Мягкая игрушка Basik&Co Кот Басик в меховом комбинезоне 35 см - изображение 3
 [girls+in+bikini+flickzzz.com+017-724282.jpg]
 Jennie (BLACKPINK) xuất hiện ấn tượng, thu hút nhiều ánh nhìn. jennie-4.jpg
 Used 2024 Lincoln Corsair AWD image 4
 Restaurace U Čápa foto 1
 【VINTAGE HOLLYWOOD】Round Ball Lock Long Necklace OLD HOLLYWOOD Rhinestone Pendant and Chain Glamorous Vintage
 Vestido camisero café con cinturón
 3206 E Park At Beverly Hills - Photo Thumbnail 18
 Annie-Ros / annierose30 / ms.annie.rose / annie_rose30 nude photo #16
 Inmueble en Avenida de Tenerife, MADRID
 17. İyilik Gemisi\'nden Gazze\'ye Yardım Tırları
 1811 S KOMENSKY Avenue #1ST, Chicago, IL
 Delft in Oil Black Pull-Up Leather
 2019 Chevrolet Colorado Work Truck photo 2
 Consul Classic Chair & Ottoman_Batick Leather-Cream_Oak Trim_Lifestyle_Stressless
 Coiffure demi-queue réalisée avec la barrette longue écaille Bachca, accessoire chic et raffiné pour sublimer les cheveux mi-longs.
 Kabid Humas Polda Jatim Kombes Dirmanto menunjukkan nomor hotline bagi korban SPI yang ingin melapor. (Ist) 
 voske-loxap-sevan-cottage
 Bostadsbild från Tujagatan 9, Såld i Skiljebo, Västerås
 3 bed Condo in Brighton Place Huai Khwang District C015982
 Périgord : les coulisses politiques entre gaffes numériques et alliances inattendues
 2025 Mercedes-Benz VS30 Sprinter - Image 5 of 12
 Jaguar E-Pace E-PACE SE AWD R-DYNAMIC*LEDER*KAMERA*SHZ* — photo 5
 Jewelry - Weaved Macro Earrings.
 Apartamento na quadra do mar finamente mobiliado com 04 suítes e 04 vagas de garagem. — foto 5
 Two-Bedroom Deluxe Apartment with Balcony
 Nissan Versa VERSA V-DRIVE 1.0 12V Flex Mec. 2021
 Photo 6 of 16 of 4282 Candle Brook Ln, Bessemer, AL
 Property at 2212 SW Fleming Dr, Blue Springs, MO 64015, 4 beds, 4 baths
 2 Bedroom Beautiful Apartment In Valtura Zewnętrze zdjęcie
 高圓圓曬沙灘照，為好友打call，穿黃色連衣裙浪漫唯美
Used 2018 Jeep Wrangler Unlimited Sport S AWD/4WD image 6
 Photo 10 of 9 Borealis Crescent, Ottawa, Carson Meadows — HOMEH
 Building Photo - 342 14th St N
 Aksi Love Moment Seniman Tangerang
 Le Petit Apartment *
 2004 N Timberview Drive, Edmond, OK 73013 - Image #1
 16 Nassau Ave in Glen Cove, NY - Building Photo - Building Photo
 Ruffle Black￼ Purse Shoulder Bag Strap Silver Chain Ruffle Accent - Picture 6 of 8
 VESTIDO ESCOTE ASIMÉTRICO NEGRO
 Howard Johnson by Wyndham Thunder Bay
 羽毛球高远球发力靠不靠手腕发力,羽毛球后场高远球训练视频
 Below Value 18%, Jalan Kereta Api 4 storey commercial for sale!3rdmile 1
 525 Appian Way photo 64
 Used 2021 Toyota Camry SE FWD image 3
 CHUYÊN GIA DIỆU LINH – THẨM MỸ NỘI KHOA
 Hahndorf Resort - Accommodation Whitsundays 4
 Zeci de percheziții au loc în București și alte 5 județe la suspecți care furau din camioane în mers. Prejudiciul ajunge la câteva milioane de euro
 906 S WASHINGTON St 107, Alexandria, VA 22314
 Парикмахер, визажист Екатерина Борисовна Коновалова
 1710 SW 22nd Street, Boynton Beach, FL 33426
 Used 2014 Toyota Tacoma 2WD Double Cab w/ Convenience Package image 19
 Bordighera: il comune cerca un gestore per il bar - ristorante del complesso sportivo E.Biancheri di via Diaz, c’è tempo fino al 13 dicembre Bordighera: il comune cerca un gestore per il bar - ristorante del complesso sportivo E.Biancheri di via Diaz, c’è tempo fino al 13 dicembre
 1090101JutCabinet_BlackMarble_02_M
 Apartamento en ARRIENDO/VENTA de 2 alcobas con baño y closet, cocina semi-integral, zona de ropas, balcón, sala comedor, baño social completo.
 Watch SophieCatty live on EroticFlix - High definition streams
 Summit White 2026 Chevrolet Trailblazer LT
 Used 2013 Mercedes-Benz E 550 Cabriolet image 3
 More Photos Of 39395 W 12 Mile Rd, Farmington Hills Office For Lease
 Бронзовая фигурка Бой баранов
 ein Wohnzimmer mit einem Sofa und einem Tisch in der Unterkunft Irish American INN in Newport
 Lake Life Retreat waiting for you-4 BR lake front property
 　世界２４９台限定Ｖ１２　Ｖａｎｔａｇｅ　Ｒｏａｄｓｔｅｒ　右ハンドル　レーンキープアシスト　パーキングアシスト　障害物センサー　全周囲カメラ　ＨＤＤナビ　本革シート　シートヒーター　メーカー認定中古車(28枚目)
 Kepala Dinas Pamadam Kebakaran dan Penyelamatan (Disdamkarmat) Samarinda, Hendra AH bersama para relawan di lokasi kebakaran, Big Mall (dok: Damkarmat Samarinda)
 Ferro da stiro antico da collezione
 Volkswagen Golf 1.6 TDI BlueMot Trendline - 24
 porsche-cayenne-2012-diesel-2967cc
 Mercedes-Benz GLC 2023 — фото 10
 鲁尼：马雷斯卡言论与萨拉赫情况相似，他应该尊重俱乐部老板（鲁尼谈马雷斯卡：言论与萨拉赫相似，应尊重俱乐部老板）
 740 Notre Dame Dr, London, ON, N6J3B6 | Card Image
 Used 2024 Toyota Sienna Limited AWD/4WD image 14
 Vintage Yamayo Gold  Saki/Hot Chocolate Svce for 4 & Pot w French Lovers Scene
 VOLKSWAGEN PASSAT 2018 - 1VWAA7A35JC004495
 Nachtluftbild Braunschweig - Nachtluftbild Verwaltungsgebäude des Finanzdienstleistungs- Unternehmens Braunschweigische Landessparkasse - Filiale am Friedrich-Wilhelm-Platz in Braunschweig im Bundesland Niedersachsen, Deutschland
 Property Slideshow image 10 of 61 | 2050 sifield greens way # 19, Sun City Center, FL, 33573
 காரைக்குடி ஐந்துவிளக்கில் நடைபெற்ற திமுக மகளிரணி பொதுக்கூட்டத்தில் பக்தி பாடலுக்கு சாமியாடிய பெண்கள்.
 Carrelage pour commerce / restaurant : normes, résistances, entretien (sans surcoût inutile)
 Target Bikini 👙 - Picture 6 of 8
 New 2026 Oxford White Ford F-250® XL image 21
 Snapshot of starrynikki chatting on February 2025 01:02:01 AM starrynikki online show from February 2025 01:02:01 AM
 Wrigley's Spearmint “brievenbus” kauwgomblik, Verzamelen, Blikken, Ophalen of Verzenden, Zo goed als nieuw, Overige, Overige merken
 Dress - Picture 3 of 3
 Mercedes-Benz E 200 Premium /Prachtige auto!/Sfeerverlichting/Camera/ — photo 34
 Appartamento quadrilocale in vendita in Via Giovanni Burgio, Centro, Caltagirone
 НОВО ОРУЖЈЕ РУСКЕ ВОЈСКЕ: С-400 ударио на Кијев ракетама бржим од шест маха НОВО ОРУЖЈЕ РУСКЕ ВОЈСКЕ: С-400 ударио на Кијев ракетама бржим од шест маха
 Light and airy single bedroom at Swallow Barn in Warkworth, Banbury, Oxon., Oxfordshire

-------------------------

What is needed is an exact copy of the lines from the one holding "காரைக்குடி ஐந்துவிளக்கில் நடைபெற்ற" through the final line of the material.

 காரைக்குடி ஐந்துவிளக்கில் நடைபெற்ற திமுக மகளிரணி பொதுக்கூட்டத்தில் பக்தி பாடலுக்கு சாமியாடிய பெண்கள்.
 Carrelage pour commerce / restaurant : normes, résistances, entretien (sans surcoût inutile)
 Target Bikini 👙 - Picture 6 of 8
 New 2026 Oxford White Ford F-250® XL image 21
 Snapshot of starrynikki chatting on February 2025 01:02:01 AM starrynikki online show from February 2025 01:02:01 AM
 Wrigley's Spearmint “brievenbus” kauwgomblik, Verzamelen, Blikken, Ophalen of Verzenden, Zo goed als nieuw, Overige, Overige merken
 Dress - Picture 3 of 3
 Mercedes-Benz E 200 Premium /Prachtige auto!/Sfeerverlichting/Camera/ — photo 34
 Appartamento quadrilocale in vendita in Via Giovanni Burgio, Centro, Caltagirone
 НОВО ОРУЖЈЕ РУСКЕ ВОЈСКЕ: С-400 ударио на Кијев ракетама бржим од шест маха НОВО ОРУЖЈЕ РУСКЕ ВОЈСКЕ: С-400 ударио на Кијев ракетама бржим од шест маха
 Light and airy single bedroom at Swallow Barn in Warkworth, Banbury, Oxon., Oxfordshire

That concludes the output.